INKOMSTENBELASTING H1 EN H2
TESSA GELDERBLOM
, Deel 1 – inkomstenbelasting, winst uit onderneming en
vennootschapsbelasting
Hoofdstuk 1
1.1 inkomstenbelasting particulieren
De belastingplichtige is degene die de belasting moet betalen. En kan zijn een :
Binnenlands belastingplichtige ( woont in Nederland)
Buitenlands belastingplichtige ( woont in buitenland)
Bij de inkomstenbelasting moet de belastingplichtige over zijn belastbaar inkomen belasting
betalen.
Het belastbare inkomen bestaat uit drie onderdelen ( Heffingsgrondslagen)

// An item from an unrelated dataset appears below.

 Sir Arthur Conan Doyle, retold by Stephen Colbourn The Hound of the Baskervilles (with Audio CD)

Belastbaar inkomen uit werk en woning = box 1
Belastbaar inkomen uit aanmerkelijk belang = box 2
Belastbaar inkomen uit sparen en beleggen = box 3
Per box wordt het inkomen berekend en vervolgens wordt ook per box afzonderlijk
berekend hoeveel inkomstenbelasting betaald dient te worden.
Box 1 kent verschillende tarieven, bestaande uit premie volksverzekeringen en belastingen.

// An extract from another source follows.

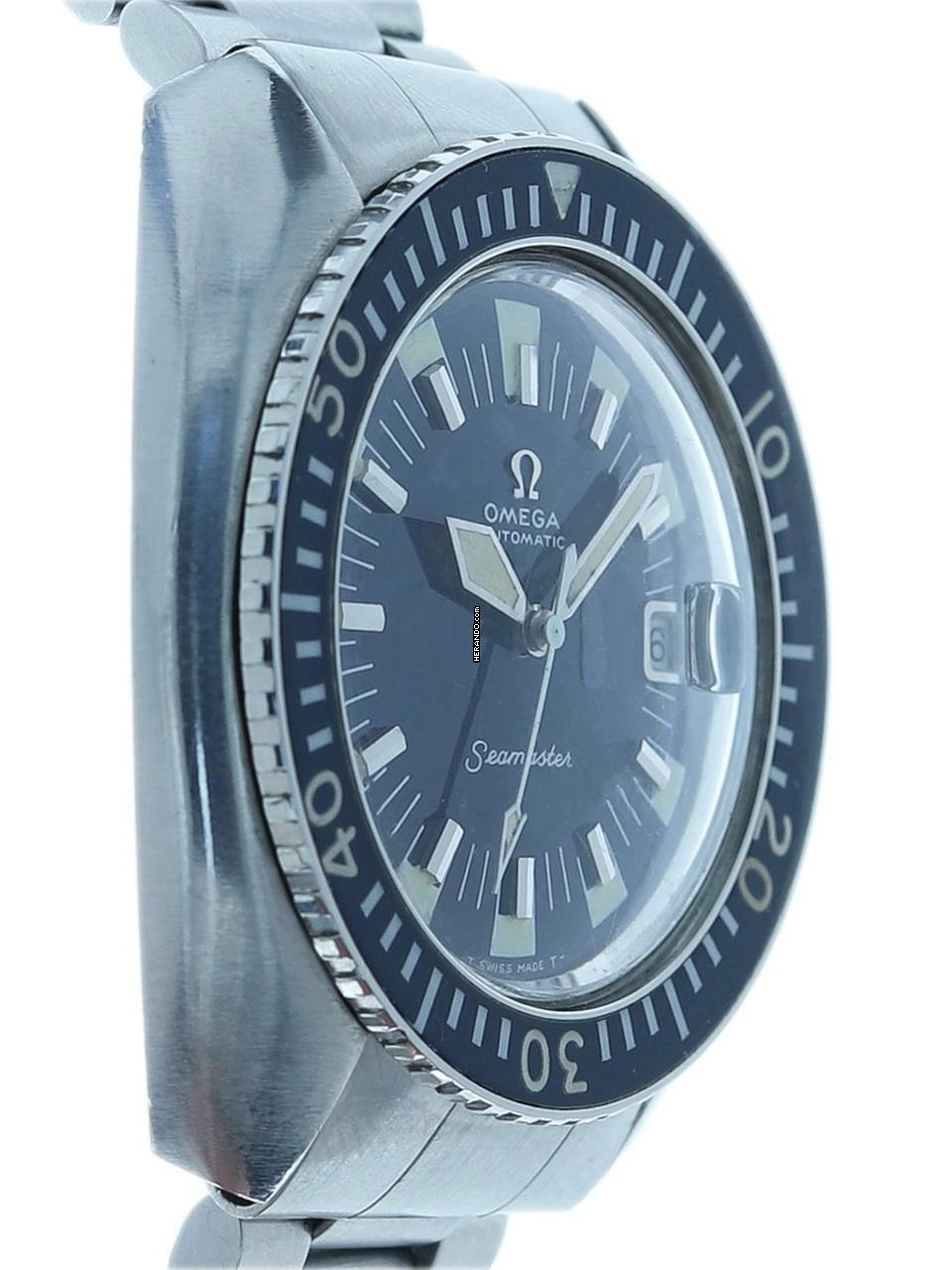 Thumbnail von Omega Deep Blue Steel 166.073 1960s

Voor een deel wordt het draagkrachtbeginsel toegepast. Dat wil zeggen dat hoge inkomens
meer belasting moeten betalen; dit noemen we progressief tarief.
Voor AOW-Gerechtigden is de eerste schijf belast met 18,75% en de tweede schijf belast met
20,02%. Schijf 1 en 2 bestaand uit belasting en premie volksverzekeringen. Schijf 3 en 4
bestaan alleen uit belasting.
Belastbaar inkomen uit aanmerkelijk belang geldt voor personen die meer dan 5% van de
aandelen in een bv of nv hebben. Hier moet belasting betaald worden over dividend en
verkoopwinst van de aandelen.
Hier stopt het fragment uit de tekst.